And we shall know more of him, far more, than we shall ever know of Tamerlane and Genghiz Khan: as much very likely as we know of Napoleon. He has no physical attributes and no material accoutrements which might lend him adventitious aid as the centre of a pageant of power, struggle, or woe: a short, bowed man in a black coat, vivacious, hedged by no formalities of ceremonial. Yet to the imagination—and it must surely be so when he is seen backward—this little fanatic, who for twenty years was hunted from exile to exile, and returned to overthrow a government and enthrone himself on the ruins of a great Empire, is the centre of Russia, seated in the middle of that enormous web of conflict and suffering like an impassive and implacable spider.
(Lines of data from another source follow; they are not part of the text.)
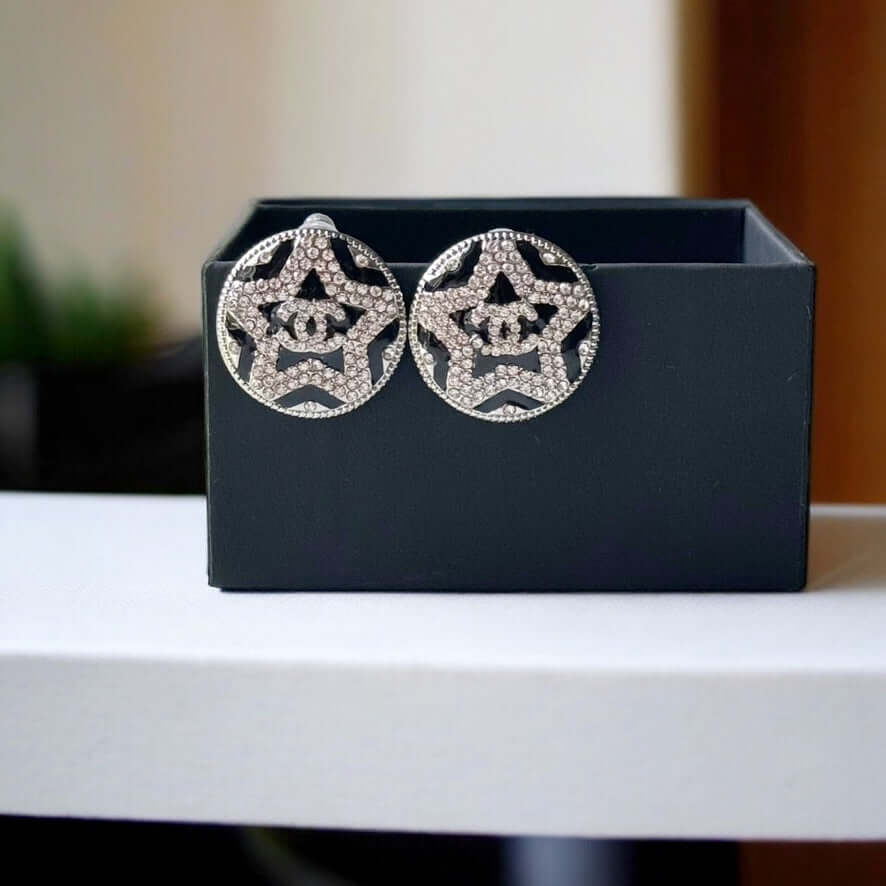 Chanel Round Silver & Black Double C with a Star Pattern Post EarringsBe daring and bold with these Chanel Round Silver & Black Double C Post Earrings. With a striking star pattern and sparkling crystals, these earrings will surely turn heads and make a s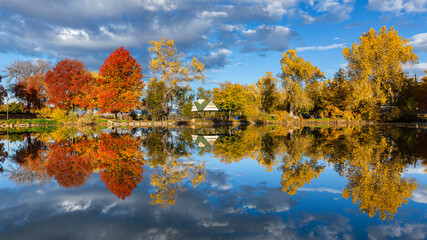 Fall color reflection on a peacefully calm lake Denver, Colorado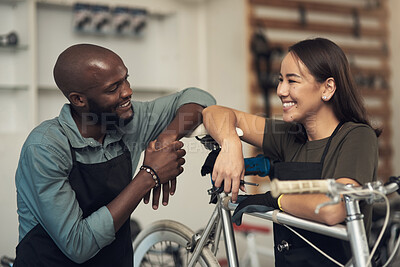 Buy stock photo Shot of two young business owners standing together in their bicycle shop during the day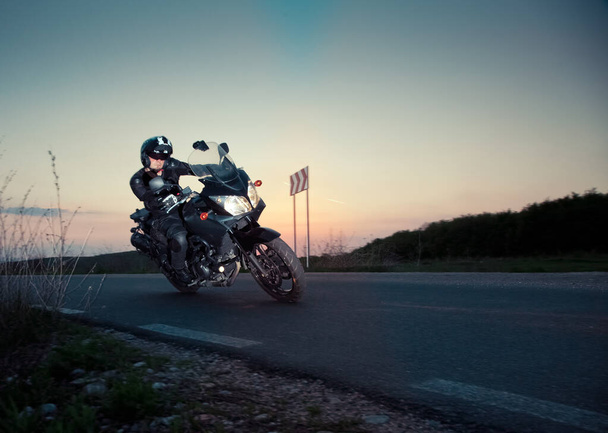 silueta del jinete en una motocicleta conduciendo al atardecer - espacio para su texto - Foto, Imagen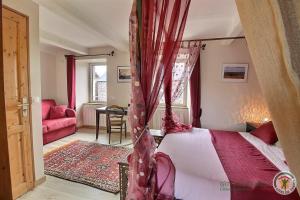 a bedroom with a canopy bed with red curtains at Le gite riad de kerity in Paimpol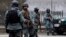 FILE - Afghan policemen stand at the site of a suicide attack in Kabul, February 26, 2015.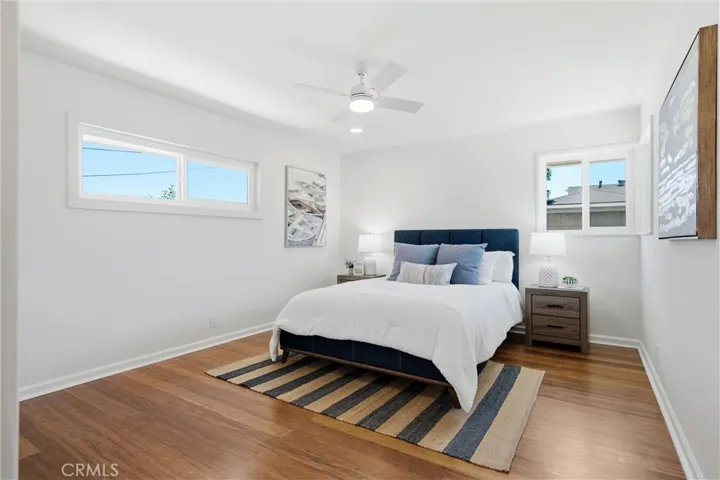 A spacious full sized primary bedroom, featuring a walk-in closet & a 2nd full sized closet & ensuite bathroom.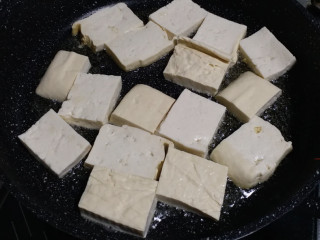 孜然煎豆干,锅中倒入油，油烧热以后，把豆腐一片一片放进锅中煎。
We hear this and that of him. He is genial in conversation. He is not personally cruel. He is willing to slaughter thousands at a blow to realise his ideas, for he looks at human affairs historically, if with but one eye. He is a poor speaker, but his words whip audiences into enthusiasm. He thought he would be overturned in three weeks, but adapted himself with instant decision when a longer lease was offered. This man and that is jealous of him and has tried to upset him; he has said this or that about his success and his failure; he will fly; or he knows he will be executed. The reports contradict each other, but the picture remains and strengthens, the picture of a man in the grip of an idea, with one of the strongest wills in the world, indifferent to the pains and pleasures of ordinary people. That ugly little face, with its swollen bald forehead, its slanting lids closing on straight penetrating eyes, its squat nose, its fleshy mouth between moustache and goatee, its smile mechanical as a mask's, will be more familiar to our descendants than to us. They will see in reverie the revolution, with vast ancient Russia as its background, and this doctrinaire tyrant as its centre, with his ragged armies, his spies and Chinamen, his motley gang of clever Jews, brigands, and mild, bearded, spectacled professors around him. They will feel his magnetism, and, whether as "hero of legend" or devil of legend, they will celebrate him.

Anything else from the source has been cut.